# Tip on Feeding Round Baled Hay



## Ken Scharabok (May 11, 2002)

Whether you feed in a hay ring or just by setting the bales on the ground, there will be a good bit of waste. What basically happens is the cattle start eating in at the ends and eventually the top (which is where most of the weather spoilage has occurred), collapses on the bottom (which is where the ground spoilage has occured).

I went by a farm the other day and notice round bales of hay looking somewhat like mushrooms in his pasture. Occurred immediately to me what they had done. When it bale was set on the ground it was tipped so one end was upright. The cattle had no choice then but to start eating the sides, working their way into the better hay in the middle.

What I plan to do is to make a needle like spear out of probably 1/2" rebar about 2' long. A 1/2" rope will go into the end. When the bale is set on the ground with the tractor, I can then go around the back, stick the needle into the middle, toss the rope over the top of the bale and connect it to the hay spear bracket. By driving forward it should tip the bale upright fairly easily. To hold the spear and rope, I plan on welding a bracket to the side of the hay spear bracket.

Am open to a better idea as it will be a couple of days before I can get to this. The guys putting in about 5,000' of french drains in a field are keeping me humping to get in the pipe before they backfill with gravel. Guy I had hired to help didn't show up. Surprise - surprise!

Ken S. in WC TN


----------



## Jackpine Savage (Jul 4, 2002)

I fed this way for along time and then switched to putting them on the side  . This was with hard core bales. It seemed that they couldn't reach or tear apart the remaining center portion, so I always ended up with an upside down cone shaped leftover. 

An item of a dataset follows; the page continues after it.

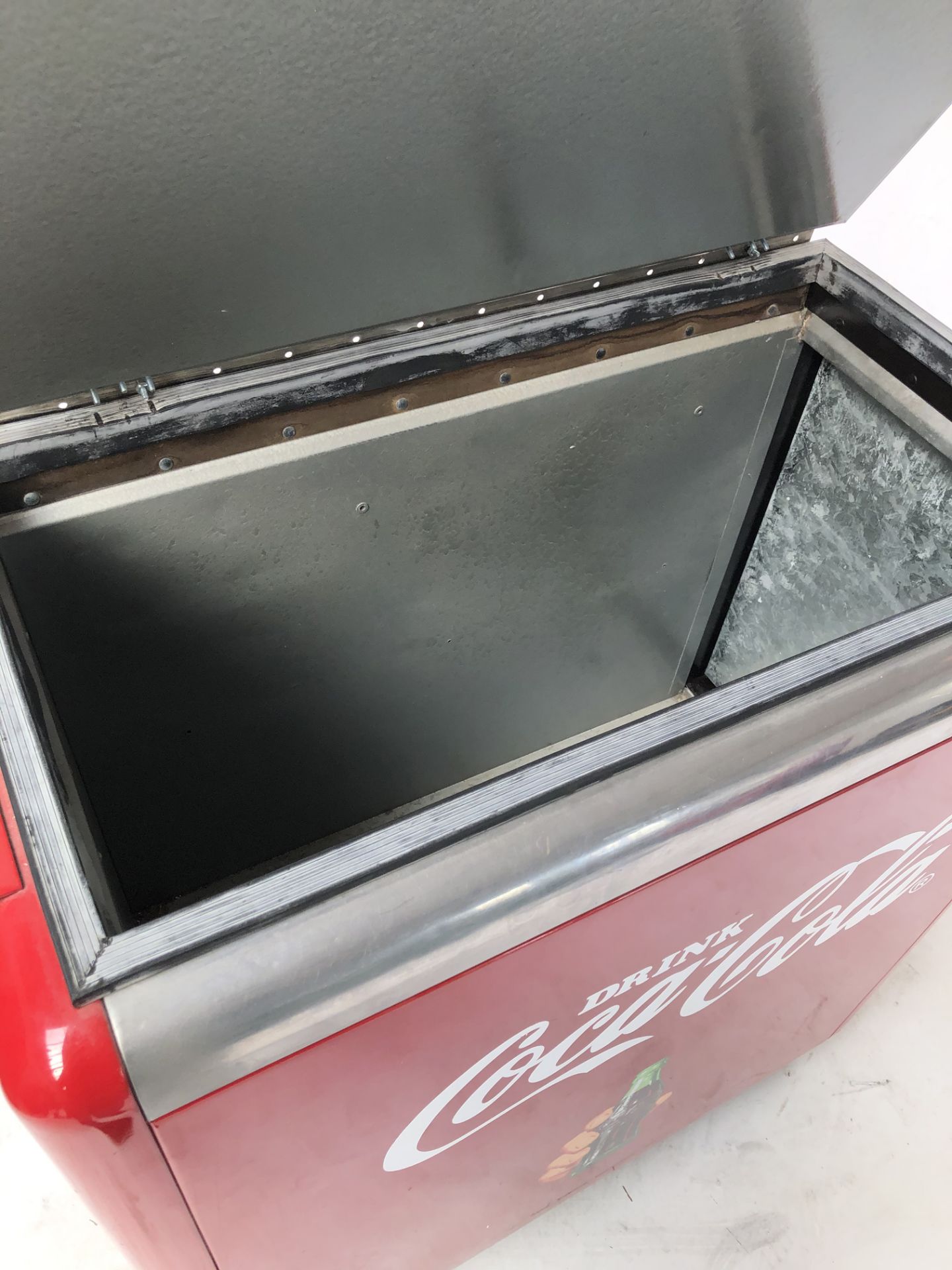 Original Coca-Cola Cooler with Top and Side Access - Image 5 of 7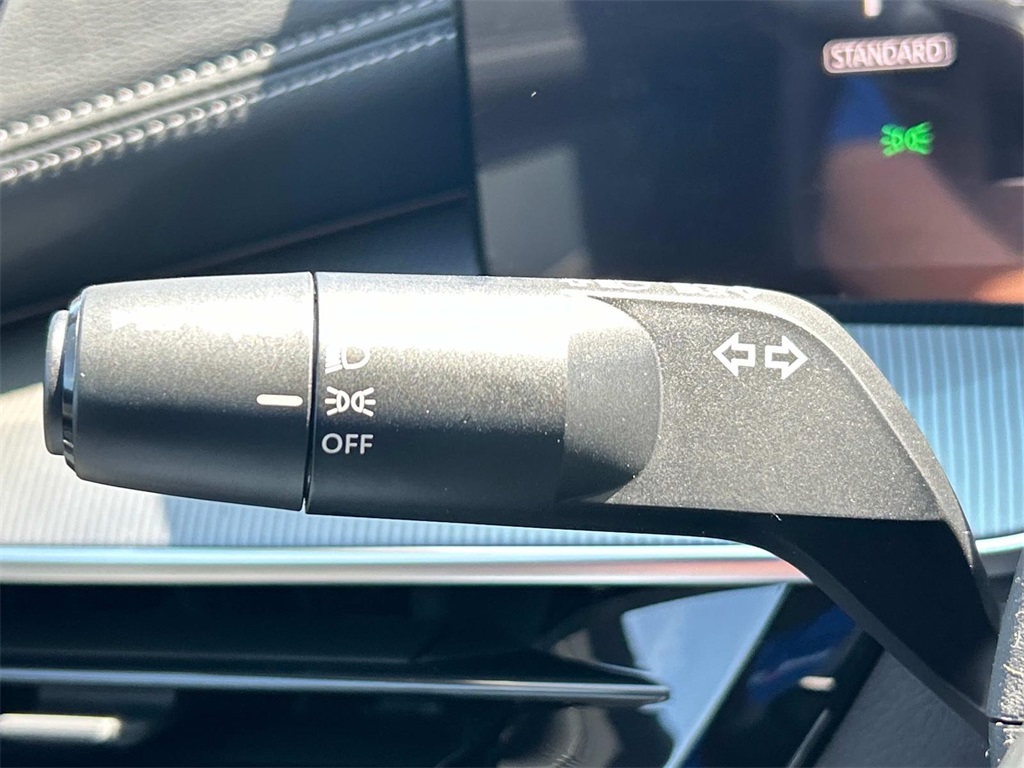 Vehicle image 65 of 70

For tipping them over maybe you could replace the top link with a hydraulic cylinder. You could tip the spear down and then use it as a lever to tip the bale.


----------



## Jena (Aug 13, 2003)

I can tip bales with my tractor. I'm not sure if I can explain how. I'll have to go tip some bales and think about what I'm doing when I'm doing it.

Of course, with the loader it's easy, but when I have the tractor with just the spear on the back, I can still do it. Forks make it very easy, if you have those. Just get about halfway under the bale, lift while reversing and there you go.

Jena


----------



## moopups (May 12, 2002)

You all must have different types of machinery to make the bales, the ones here I grab and tip over by hand, but remember I weigh 260 and go gator rideing bareback!!


----------



## Annie in S.E. Ohio (Jun 17, 2002)

Geez, Ken, what size are your bales? Ours are 5x4, netted wrapped, tightly wound, square edges, about 1000 pounds. We either tip them by stabbing them slightly below center, just barely in and lifting the hydraulics a bit. Alternately, two of us can tip them over by hand, only one person if they are stronger than me, not many women can tip a round bale by hand by themselves so I don't feel so bad!


----------



## Jena (Aug 13, 2003)

Well, I took my tractor out to get hay today....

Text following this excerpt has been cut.